Assignment:
Write out only the lines from the line that holds "Hi guys, welcome" to the end of the listing below, inclusive, with the pictures omitted.

Supplied information:
= Beginning of Section =

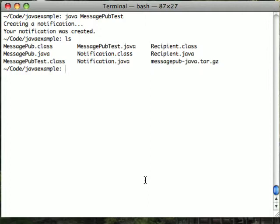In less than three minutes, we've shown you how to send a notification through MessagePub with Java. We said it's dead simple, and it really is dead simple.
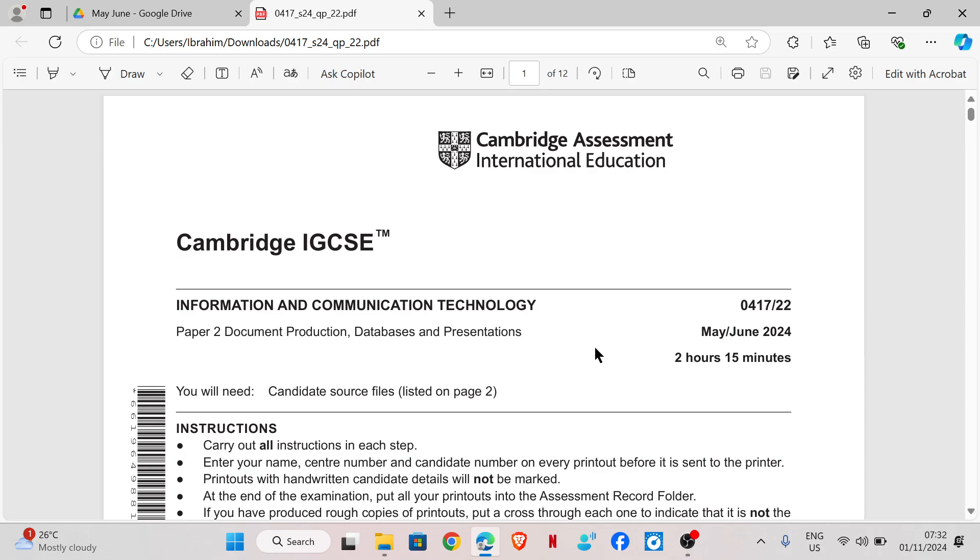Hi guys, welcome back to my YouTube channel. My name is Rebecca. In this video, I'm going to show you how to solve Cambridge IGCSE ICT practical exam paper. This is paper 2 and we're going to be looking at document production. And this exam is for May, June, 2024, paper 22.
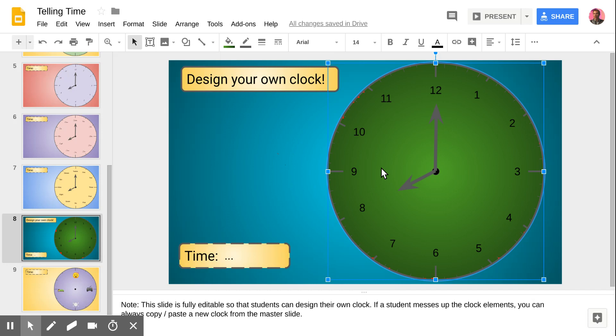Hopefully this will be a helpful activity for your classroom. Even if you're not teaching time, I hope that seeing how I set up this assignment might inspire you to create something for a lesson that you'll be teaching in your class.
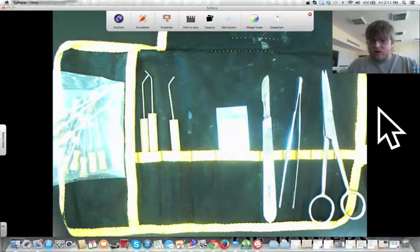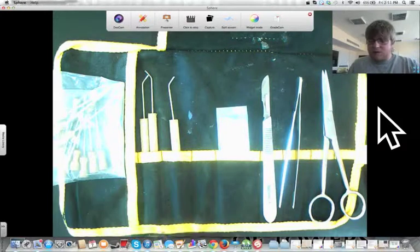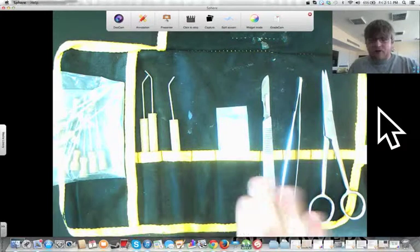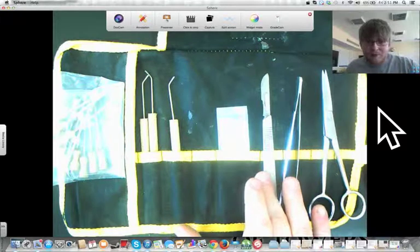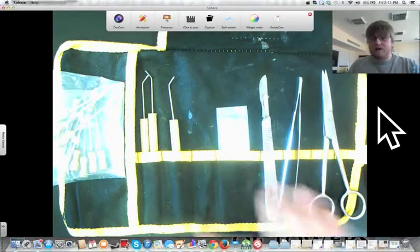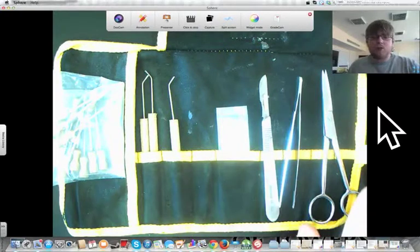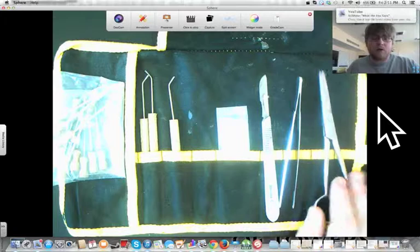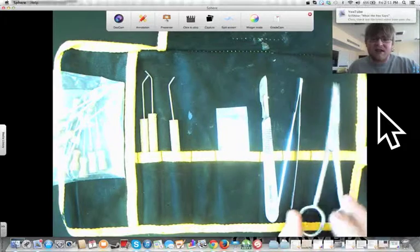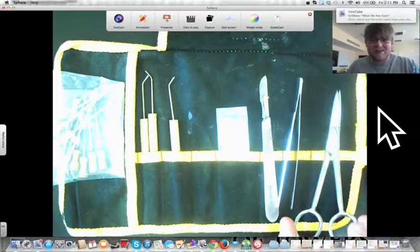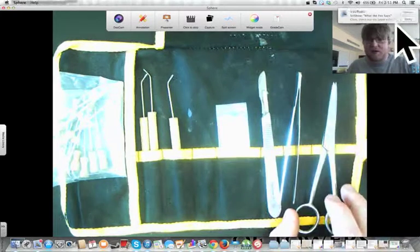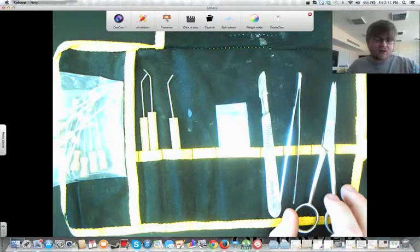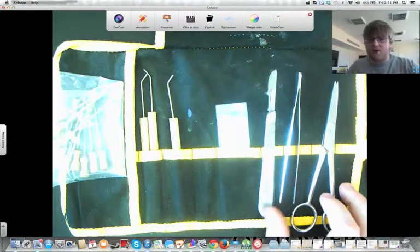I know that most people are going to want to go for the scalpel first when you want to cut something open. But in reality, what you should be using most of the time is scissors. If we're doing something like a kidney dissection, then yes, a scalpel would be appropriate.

= End of Section =

Response to this exercise:
Hi guys, welcome back to my YouTube channel. My name is Rebecca. In this video, I'm going to show you how to solve Cambridge IGCSE ICT practical exam paper. This is paper 2 and we're going to be looking at document production. And this exam is for May, June, 2024, paper 22.
Hopefully this will be a helpful activity for your classroom. Even if you're not teaching time, I hope that seeing how I set up this assignment might inspire you to create something for a lesson that you'll be teaching in your class.
I know that most people are going to want to go for the scalpel first when you want to cut something open. But in reality, what you should be using most of the time is scissors. If we're doing something like a kidney dissection, then yes, a scalpel would be appropriate.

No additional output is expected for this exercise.